[Stored records]
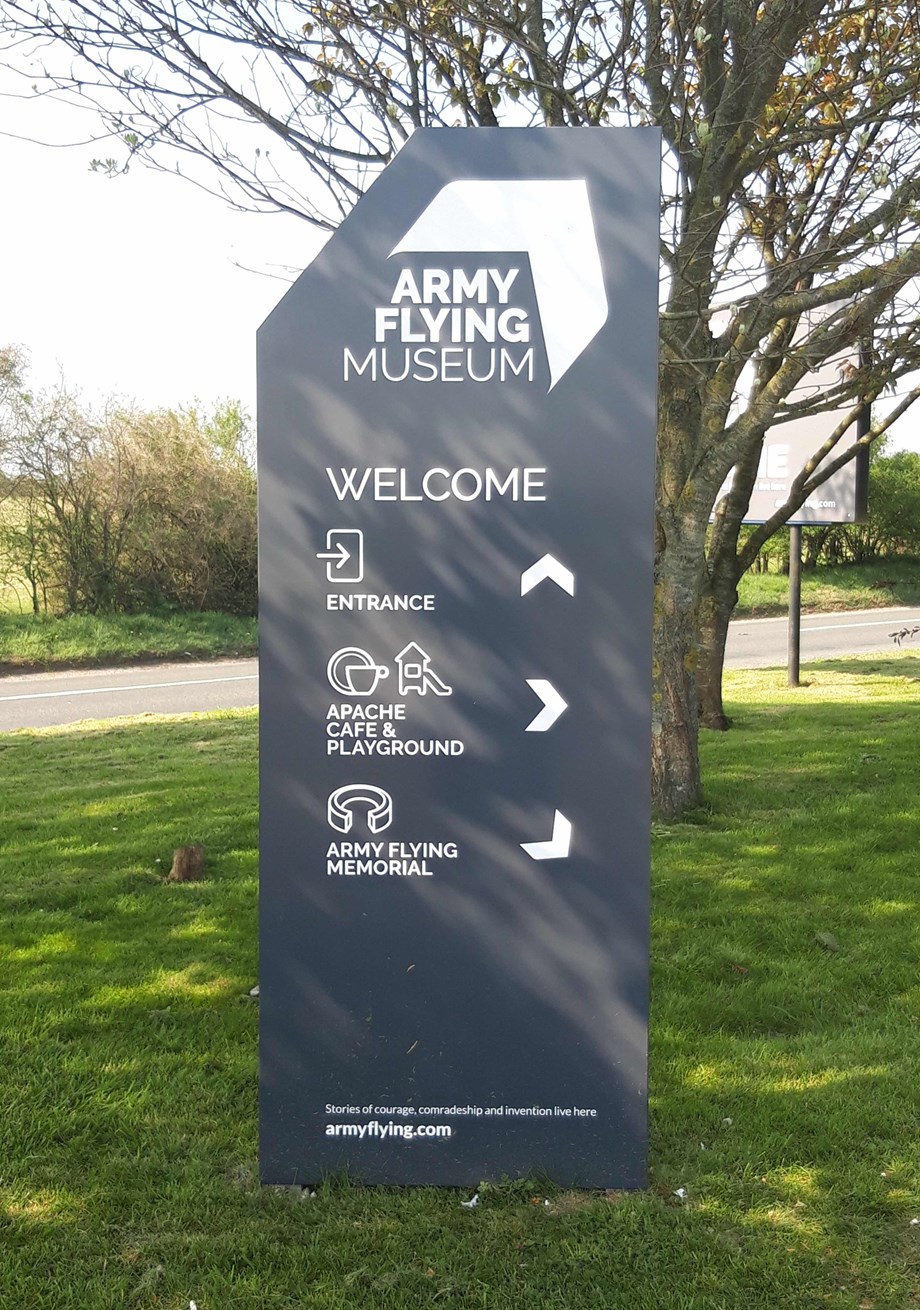 outdoor wayfinding, signage, army flying museum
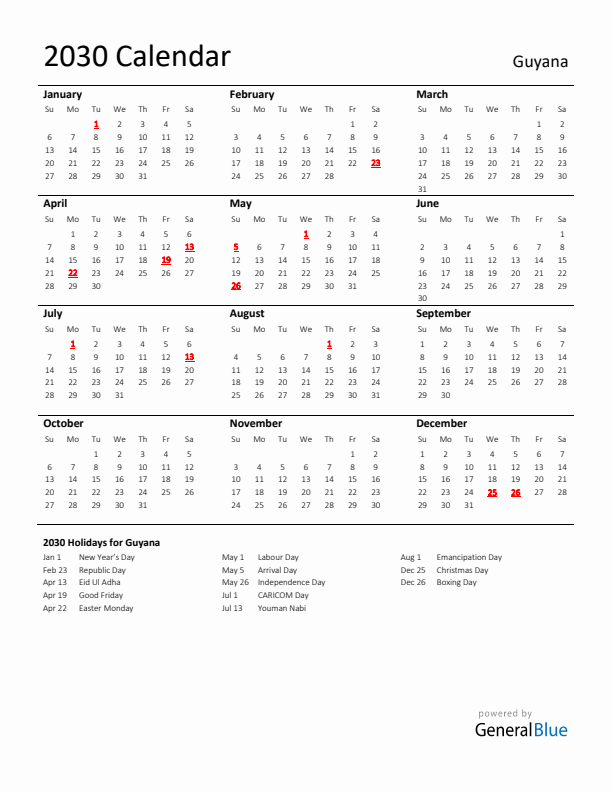 Standard Holiday Calendar for 2030 with Guyana Holidays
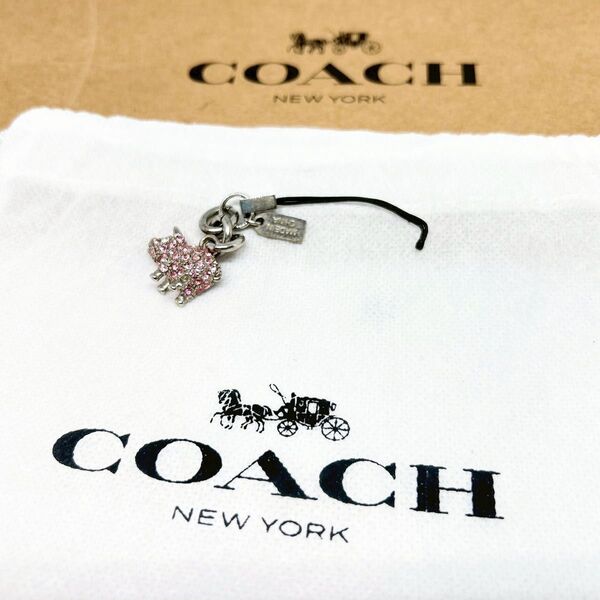 【COACH】 コーチ ラインストーン ストラップ キーリング キーホルダー チャーム アクセサリー ピンクカラー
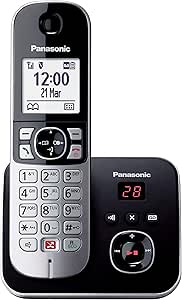 Panasonic KX-TG6861JTB Telefono Cordless Digitale con Segreteria Telefonica Digitale, Unità Base e Ricevitore Singolo, ID Chiamante, Blocco Chiamate, Blocco Chiamate Automatiche, Display LCD, Nero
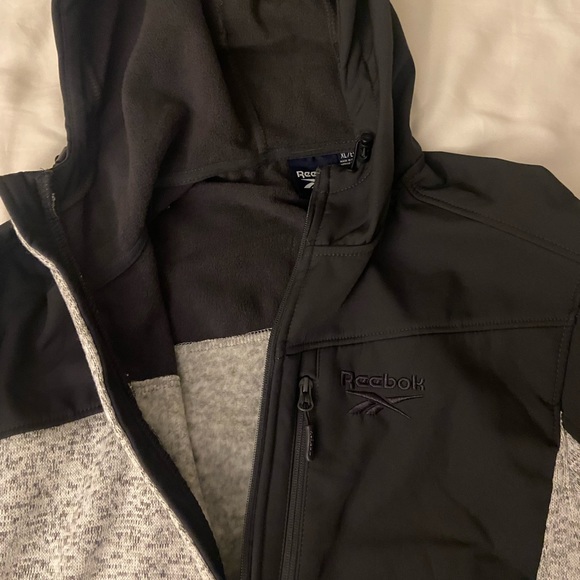 Black and grey full zip Reebok hoodie. - Picture 5 of 5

→ **INSTRUCTIONS FOR THE TASK**: Retype all entries exactly as they appear, dropping the images.

→ **REPLY**:
 outdoor wayfinding, signage, army flying museum
 Standard Holiday Calendar for 2030 with Guyana Holidays
 【COACH】 コーチ ラインストーン ストラップ キーリング キーホルダー チャーム アクセサリー ピンクカラー
 Panasonic KX-TG6861JTB Telefono Cordless Digitale con Segreteria Telefonica Digitale, Unità Base e Ricevitore Singolo, ID Chiamante, Blocco Chiamate, Blocco Chiamate Automatiche, Display LCD, Nero
 Black and grey full zip Reebok hoodie. - Picture 5 of 5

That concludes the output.